**TASK PROMPT**
For the data that follows, return each line unchanged and drop the pictures.

[MATERIAL FOR THIS EXERCISE Boundary: Start]

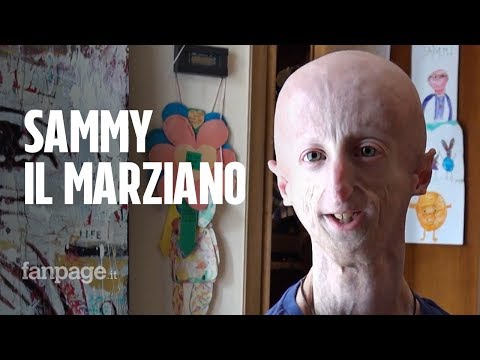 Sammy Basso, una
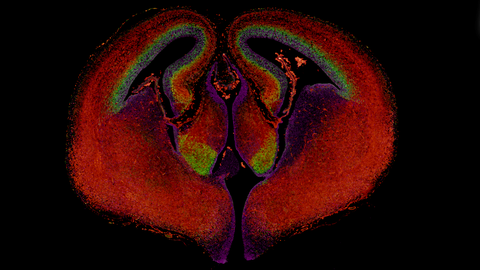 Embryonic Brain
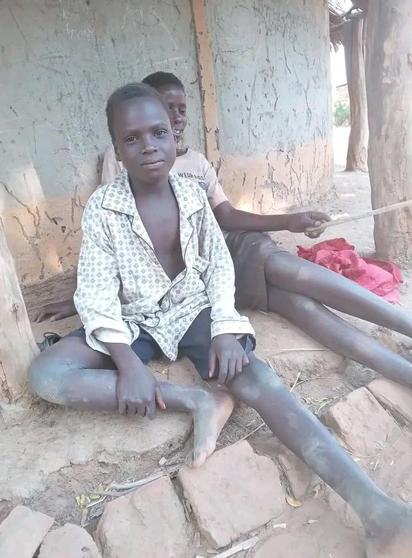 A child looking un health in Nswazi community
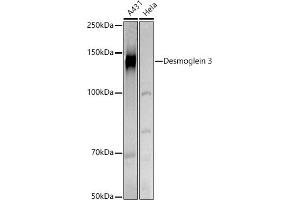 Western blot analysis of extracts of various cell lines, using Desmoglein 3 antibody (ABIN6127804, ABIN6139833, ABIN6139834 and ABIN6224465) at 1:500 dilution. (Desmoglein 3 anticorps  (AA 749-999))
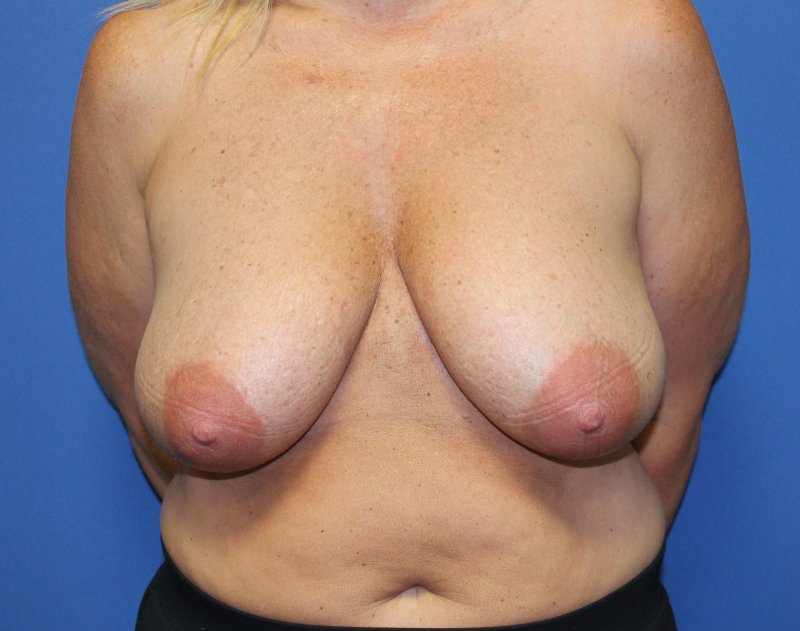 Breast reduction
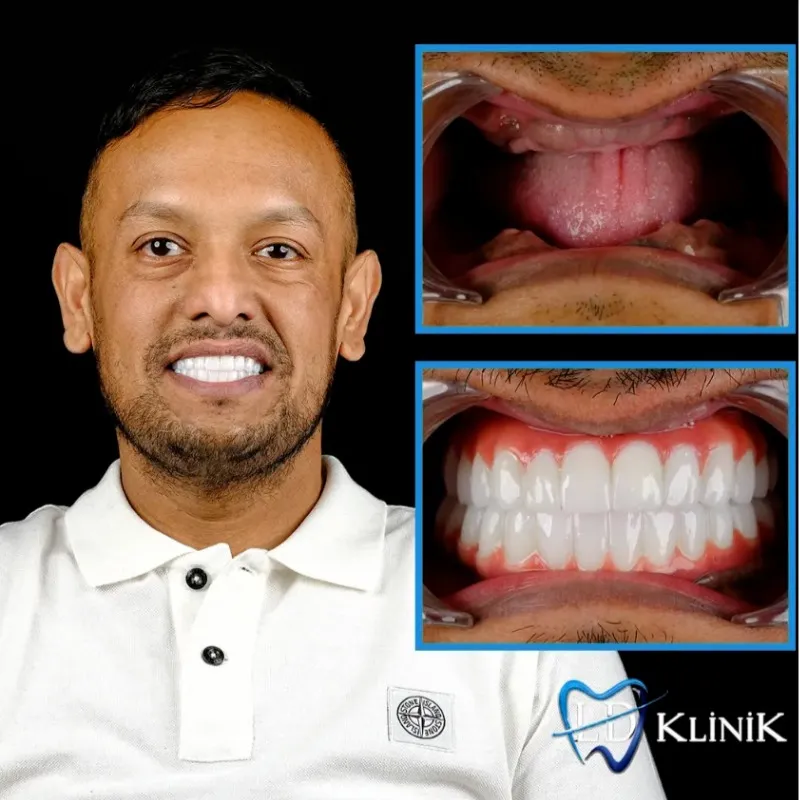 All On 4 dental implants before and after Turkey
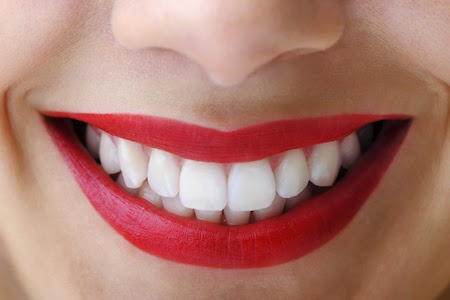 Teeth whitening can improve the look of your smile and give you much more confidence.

[MATERIAL FOR THIS EXERCISE Boundary: End]

**SOLUTION TO THE PROBLEM**
 Sammy Basso, una
 Embryonic Brain
 A child looking un health in Nswazi community
 Western blot analysis of extracts of various cell lines, using Desmoglein 3 antibody (ABIN6127804, ABIN6139833, ABIN6139834 and ABIN6224465) at 1:500 dilution. (Desmoglein 3 anticorps  (AA 749-999))
 Breast reduction
 All On 4 dental implants before and after Turkey
 Teeth whitening can improve the look of your smile and give you much more confidence.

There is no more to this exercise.